The exciting part of the 2022 approach is that Mark Versey, Aviva CEO has directly said he will now be willing to divest Aviva’s money out of companies that don’t hit the environmental social and governance (ESG) and corporate social responsibility (CSR) demands he sets.
Crucially too, Aviva isn’t sitting on its laurels when it comes to these ESG and CSR goals. They are truly ahead of the game in every aspect. Essentially Aviva is going to push unsustainable businesses out of the investment picture with a twofold approach.
The first key is it truly understands ESG and CSR. Its letter this year, as we will examine, is future-proofed and packed with the most recent sustainability science.
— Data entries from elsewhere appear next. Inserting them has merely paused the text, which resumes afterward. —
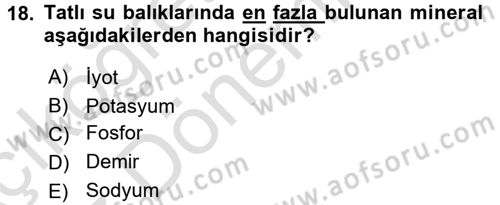 Temel Mutfak Teknikleri Dersi Ara Sınavı Deneme Sınav Soruları 18. Soru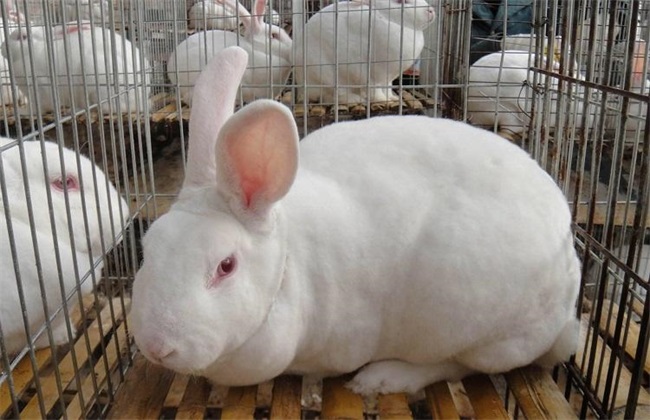 兔子养殖中的几大误区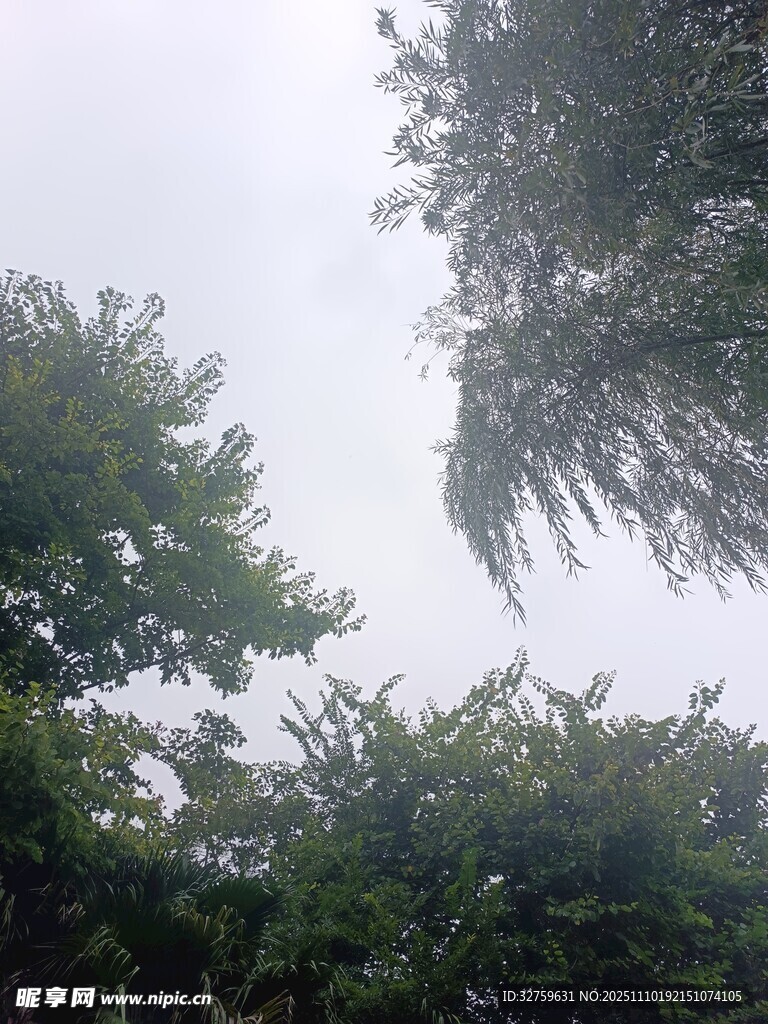 仰视葱郁树木景观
Secondly, it’s made no bones at all about pulling money, fast, from those companies who can’t or won’t step up to the mark.
Aviva’s ESG and CSR demands in detail
These are the 2022 demands Aviva is placing on any companies wanting to keep hold of their Aviva investments. As we shall see, it’s a pivotal list.
Aviva has set four key stewardship priorities that will shape its voting and engagement activities in 2022:
climate change, biodiversity, human rights, executive pay.
On climate change, it expects all companies to work towards achieving science-based targets (SBTi) validation of their climate targets and plans. SBTi is presently the world’s recommended approach on how to use science to prove and lead on greener environmental corporate practice.
Beyond that, Aviva will focus on two key areas in the coming year that will be instrumental in helping investors understand and support business as it embarks on the Net Zero climate journey: transition plans and climate accounting.
Aviva demands all businesses develop climate transition plans, and companies in higher-impact sectors should present these for shareholder approval. In developing transition plans, it recommends companies comply with the six guiding principles outlined by the CDP Framework on reporting.
On Net Zero, 2050 or earlier Net Zero objectives must be augmented with interim targets aligned with the need to at least halve absolute global greenhouse emissions by 2030. These objectives should be fully integrated in the broader corporate strategy, demonstrating how the business will fund the necessary investments in the transition while remaining commercially viable during the interim period.
Aviva also concludes that robust integration of climate risks and opportunities into fundamental valuations requires high-quality and consistent financial reporting. It welcomes the publication of the IFRS Climate-Related Disclosure Prototypeand encourages companies to voluntarily report against this standard as soon as practical.
All climate reporting and related risk assurance are to be included within the annual audit plan of the external auditors. That’s it for climate. But there’s lots more.
On biodiversity, Aviva is making all companies develop biodiversity action plans, taking into account emerging best-practice guidance frameworks, such as the Science Based Target Network (SBTN) for Nature and the Task Force on Nature-related Financial Disclosures (TNFD) as well as the conclusions of the CBD COP process.
Corporates should take time to investigate these individually, but all represent top end solutions and theory. Companies must also assess business dependencies and impact upon nature, identifying key issue areas and locations in the value chain for target setting.
Comprehensive targets must be aligned with the SBTN framework once guidance is finalised (this should include the full value chain within scope) and public reporting of performance against targets is mandated.